What Clauses Should Be a MUST in an LOI — From the Seller’s Perspective

 

For a seller, the Letter of Intent (LOI) is more than a formality—it’s your first real line of defense. A well-drafted LOI sets the tone, protects your leverage, and ensures that the buyer’s “interest” translates into a serious, structured offer. 

Here are the clauses every seller should insist on before moving forward.

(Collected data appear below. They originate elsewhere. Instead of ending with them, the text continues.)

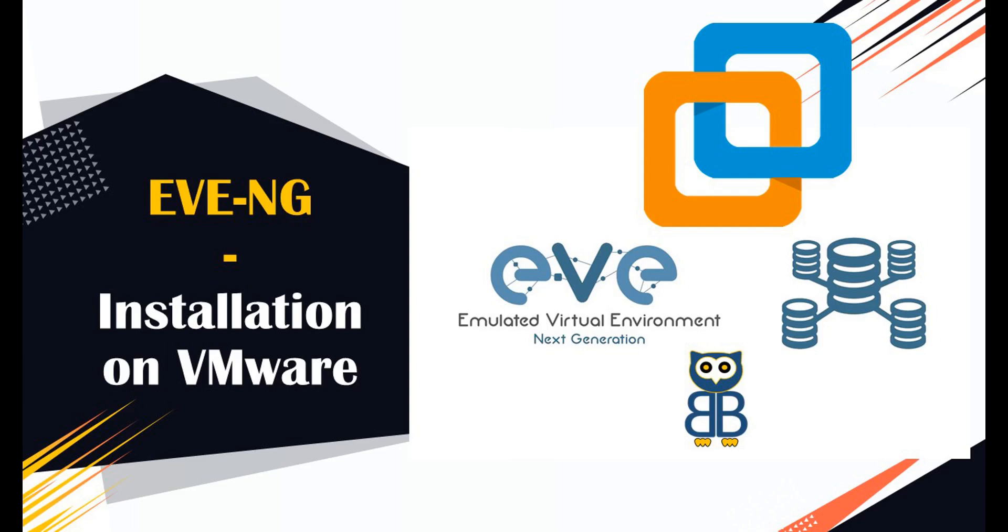Hi! In this class, we will learn how to set up EVE-NG software on the VMware Workstation.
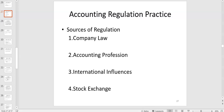In this recording we're going to pick up where we left off in the live webinar looking at accounting regulation. There are two aspects to accounting regulation theory, which we looked at in the live webinar around the different theories of who benefits from accounting regulation: public interest, private interest, and the capture theory of regulation.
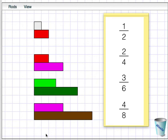And these 4 fractions, that's a half, 2 quarters, 3 sixths and 4 eighths, are all equivalent fractions with the same value, a half.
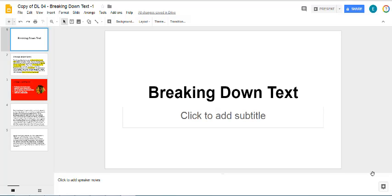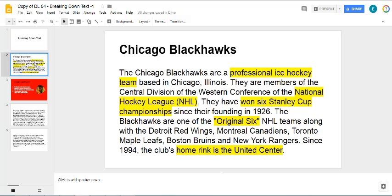So in this first one, where we have the Chicago Blackhawks, what I did here is I highlighted in yellow the most important details of this slide.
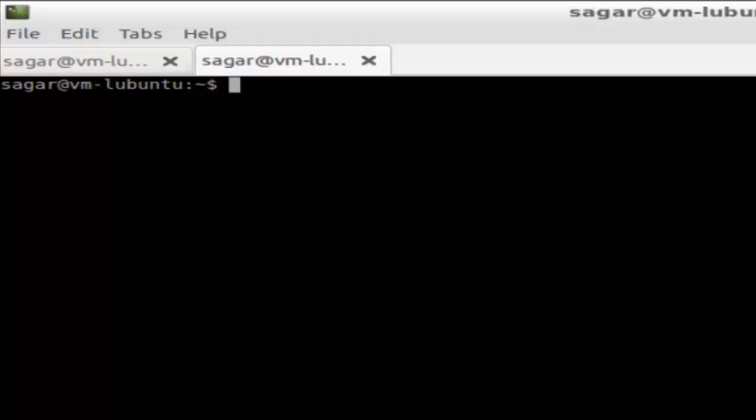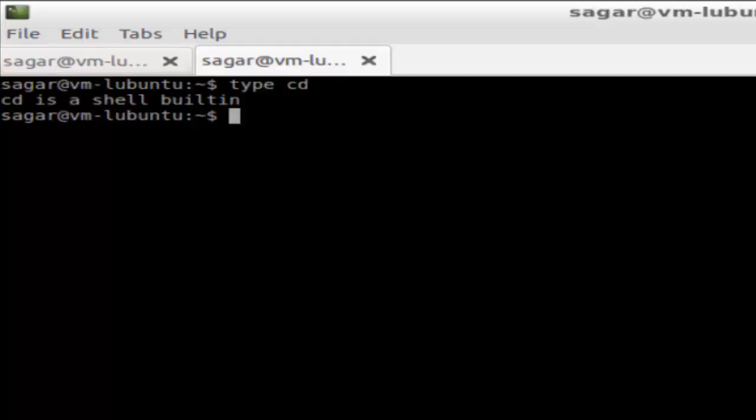For example, if you want to know the type of the cd command, you can use type cd, and it will give you the type. The answer is: cd is a shell built-in. So with the help of this type command, you can find out if a given command is a shell built-in.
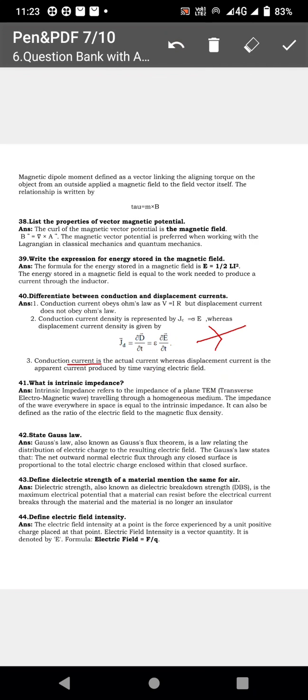State Gauss's law. Gauss's law states that the total flux emanating from any closed surface is equal to the total charge enclosed by that surface.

Purchase Price & Structure:
Make sure the offer details are crystal clear—total price, payment breakdown, earnouts, and timing. Avoid vague language that lets buyers “revisit” valuation later.

Timeline & Milestones:
Set firm dates for due diligence, definitive agreement, and closing. Open-ended timelines are a recipe for buyer drift.

Exclusivity with Boundaries:
Limit exclusivity (30–60 days) and tie it to buyer performance. You shouldn’t be locked out of the market while a buyer drags their feet.

Confidentiality:
Your financials, clients, and employees must remain protected. Reinforce that the LOI does not grant permission to contact employees or customers.

Clear Binding vs. Non-Binding Terms:
Ensure only confidentiality and exclusivity are binding—nothing else. Protect yourself from premature legal exposure.

Key Conditions to Close:
Require buyer financing proof, regulatory readiness, and confirm they can close.

A strong LOI protects your position, preserves momentum, and filters out “tire kickers.” The best sellers don’t just sign—they set the terms.